While with USC during the 1980s, Erbe declined an offer to become the volleyball coach for the University of Illinois. In 1981, Southern California joined the NCAA Division I. That year, Erbe's team won the 1981 NCAA Division I women's volleyball tournament. They also were runner-ups at the 1982 NCAA Division I women's volleyball tournament. After accumulating 310 wins, 121 losses and 3 ties with Southern California, he left his coaching position in January 1989.

===Illinois===
In February 1989, Erbe was considered by Southern Illinois University Carbondale to become their volleyball coach. With the University of Illinois, Erbe was an assistant volleyball coach from April 1989 to 1990. For the Great Lakes Volleyball Center, he held a directorship from 1990 to 1993. With the organization, Erbe was a scheduler during 1991.

During the 1990s, Erbe worked in Chicago and was with Sports Performance as a referee. While there, Erbe worked with the volleyball club as their coach. By 1993, the University of Michigan and Michigan State University had declined to hire Erbe as a coach.

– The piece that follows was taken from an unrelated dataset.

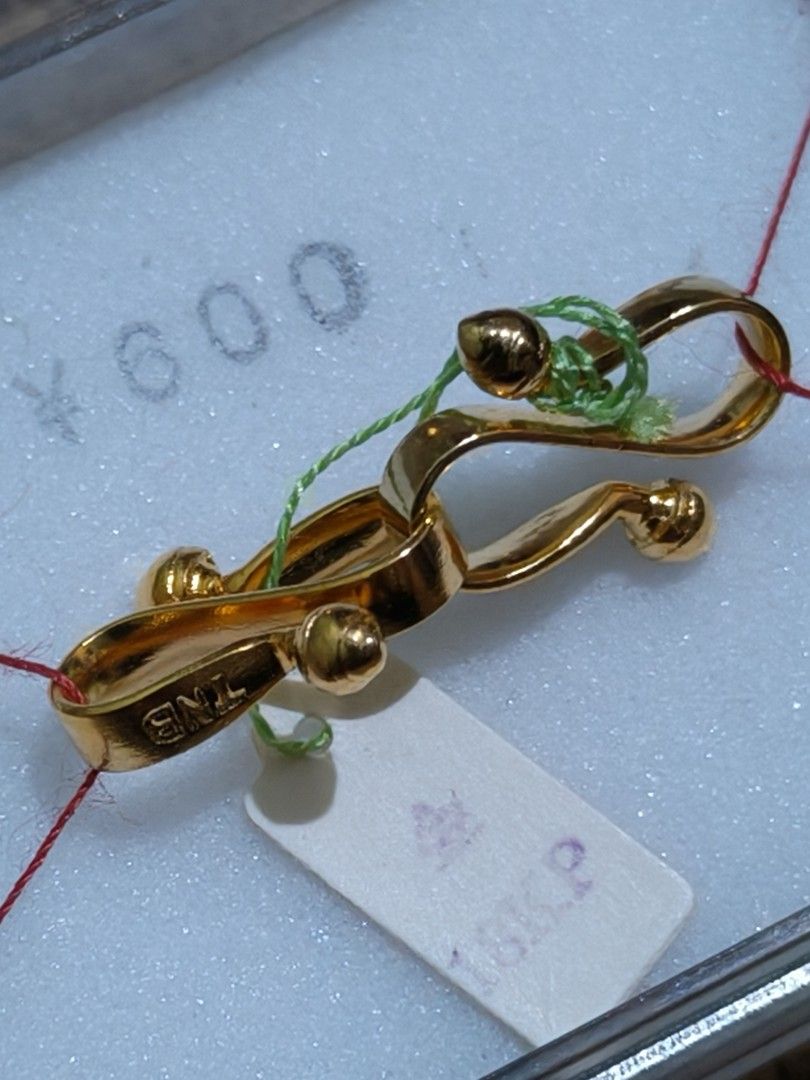 18KP gold plated replacement jewelry studs (Category: Earrings) located in Quezon City. Submitted by markgolveo (Listing ID 1320678237, Image 3). Description: 18KP gold plated replacement jewelry studs.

===Michigan and referee experience===
In 1993, Erbe joined the Michigan State Spartans women's volleyball team as their coach. As part of the Big Ten Conference, Erbe's team won the conference in 1995 and were co-winners in 1996. During this time period, Erbe and Michigan State reached the Final Four during the 1995 NCAA Division I women's volleyball tournament. During the early 2000s, he worked on creating a locker room for the volleyball players. After accumulating 244 wins and 140 losses, Erbe ended his coaching career with Michigan State in 2004.

During 2005, Erbe went to Chicago and was a youth volleyball referee. He was a referee in a 2008 college volleyball game held by Texas Tech and Nebraska. In 2019, Erbe continued his coaching career when he was hired by Forest Hills Eastern to lead their volleyball team.

==Honors and personal life==
With Michigan State, Erbe received the women's volleyball Coach of the Year award in the media and coaches categories from the Big Ten Conference in 1995. That year, Erbe was named National Coach of the Year for Division I schools by the American Volleyball Coaches Association. From USA Volleyball, Erbe received the James E. Coleman USA National Team Award in 2011 and the Bertha H. Lucas All-Time Great Coach in 2013. In 2013, Erbe joined the AVCA Hall of Fame. His marriage occurred in 1994.